I have two data frames. The first one - saved in an object named b:
structure(list(CONTENT = c("@myntra beautiful teamä»ç where is the winners list?",
"The best ever Puma wishlist for Workout freaks, Head over to @myntra https://t.co/V58Gk3EblW #MyPUMACollection Hit Like if you Find it good",
"I finalised on buy a top from Myntra, and then I found the same top at 20% off in jabong. I feel like I've achieved so much in life!",
"Check out #myPUMAcollection on @Myntra. Its perfect for a day at gym. https://t.co/VeRy4G3c7X https://t.co/fOpBRWCdSh",
"Check out #myPUMAcollection on @Myntra. Its perfect for a day at gym. https://t.co/VeRy4G3c7X.....",
"@DrDrupad @myntra #myPUMAcollection superb :)", "Super exclusive collection @myntra #myPUMAcollection https://t.co/Qm9dZzJdms",
"@myntra gave my best Love playing wid u Hope to win #myPUMAcollection",
"Check out PUMA Unisex Black Running Performance Gloves on Myntra! https://t.co/YD6IcvuG98 @myntra #myPUMAcollection",
"@myntra i have been mailing my issue daily since past week.All i get in reply is an auto generated assurance mail. 1st time pissed wd myntra"
), score = c(7.129, 7.08, 6.676, 5.572, 5.572, 5.535, 5.424,
5.205, 4.464, 4.245)), .Names = c("CONTENT", "score"), row.names = c(25L,
103L, 95L, 66L, 90L, 75L, 107L, 32L, 184L, 2L), class = "data.frame")
The second database - saved in an object named c:
structure(list(CONTENT = c("The best ever for workout over to myntra like if you find it good",
"i finalised buy a top myntra and found the at in feel like i so in life"

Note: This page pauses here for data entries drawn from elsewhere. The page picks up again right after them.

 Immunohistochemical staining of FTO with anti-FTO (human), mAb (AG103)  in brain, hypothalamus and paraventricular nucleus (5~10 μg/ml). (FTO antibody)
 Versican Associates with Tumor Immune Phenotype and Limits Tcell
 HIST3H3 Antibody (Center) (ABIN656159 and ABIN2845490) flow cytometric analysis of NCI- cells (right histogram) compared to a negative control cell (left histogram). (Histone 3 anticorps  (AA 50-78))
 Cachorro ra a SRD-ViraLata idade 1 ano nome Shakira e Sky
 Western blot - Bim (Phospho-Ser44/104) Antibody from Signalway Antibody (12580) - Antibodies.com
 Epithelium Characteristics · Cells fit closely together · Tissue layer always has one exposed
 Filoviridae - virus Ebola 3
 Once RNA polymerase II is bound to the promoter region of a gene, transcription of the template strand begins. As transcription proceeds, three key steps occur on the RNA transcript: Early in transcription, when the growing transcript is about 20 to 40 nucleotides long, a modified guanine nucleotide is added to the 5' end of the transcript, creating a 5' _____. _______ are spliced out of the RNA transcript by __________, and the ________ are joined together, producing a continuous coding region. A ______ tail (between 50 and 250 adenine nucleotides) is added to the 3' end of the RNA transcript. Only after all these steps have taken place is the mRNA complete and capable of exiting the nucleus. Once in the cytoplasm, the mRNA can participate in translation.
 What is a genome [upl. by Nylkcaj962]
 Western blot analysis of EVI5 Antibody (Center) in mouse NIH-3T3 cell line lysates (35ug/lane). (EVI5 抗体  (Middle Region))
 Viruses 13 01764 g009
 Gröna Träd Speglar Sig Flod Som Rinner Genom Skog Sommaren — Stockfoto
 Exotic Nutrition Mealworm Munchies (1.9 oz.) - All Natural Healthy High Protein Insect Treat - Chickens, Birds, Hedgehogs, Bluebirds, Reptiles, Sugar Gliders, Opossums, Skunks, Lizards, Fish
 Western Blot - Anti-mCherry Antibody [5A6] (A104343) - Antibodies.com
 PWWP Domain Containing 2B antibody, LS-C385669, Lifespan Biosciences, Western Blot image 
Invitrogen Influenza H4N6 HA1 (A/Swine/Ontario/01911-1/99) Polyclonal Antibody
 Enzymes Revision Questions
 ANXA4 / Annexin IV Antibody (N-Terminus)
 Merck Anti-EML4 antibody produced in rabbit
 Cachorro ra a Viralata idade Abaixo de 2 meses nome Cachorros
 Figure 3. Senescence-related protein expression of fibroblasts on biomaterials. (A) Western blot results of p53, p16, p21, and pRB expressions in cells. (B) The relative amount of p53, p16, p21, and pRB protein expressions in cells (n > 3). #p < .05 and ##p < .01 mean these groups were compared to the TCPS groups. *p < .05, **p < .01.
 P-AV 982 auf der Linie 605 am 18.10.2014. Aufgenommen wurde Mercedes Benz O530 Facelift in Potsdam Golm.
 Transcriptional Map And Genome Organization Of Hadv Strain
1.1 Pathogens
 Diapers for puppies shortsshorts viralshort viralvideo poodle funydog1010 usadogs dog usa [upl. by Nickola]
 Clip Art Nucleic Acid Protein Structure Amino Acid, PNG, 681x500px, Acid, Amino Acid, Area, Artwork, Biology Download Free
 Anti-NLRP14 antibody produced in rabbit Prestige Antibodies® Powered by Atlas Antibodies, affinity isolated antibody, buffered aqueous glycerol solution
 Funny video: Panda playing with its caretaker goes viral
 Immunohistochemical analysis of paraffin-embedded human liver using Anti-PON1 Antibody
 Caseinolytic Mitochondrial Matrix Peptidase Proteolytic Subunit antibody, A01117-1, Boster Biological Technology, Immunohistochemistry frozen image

)), .Names = "CONTENT", row.names = c(103L, 95L), class = "data.frame")
I want to find for each statement in the second data frame (c), the closest match in the first data frame(b), and return the score from the first data frame(b).
For eg., the statement The best ever for workout over to myntra like if you find it good
matches closely with the second statement from data frame 1 and hence I should return the score 7.080
.
I tried using codes from stack overflow with some tweaks:
cp <- str_split(c$CONTENT, " ")
library(data.table)
nn <- lengths(cp) ## Or, for < R-3.2.0, `nn <- sapply(wordList, length)`
dt <- data.table(grp=rep(seq_along(nn), times=nn), X = unlist(cp), key="grp")
dt[,Score:=b$score[pmatch(X,b$CONTENT)]]
dt[!is.na(Score), list(avgScore=sum(Score)), by="grp"]
This returns the value for only one statement from df c. Can someone help?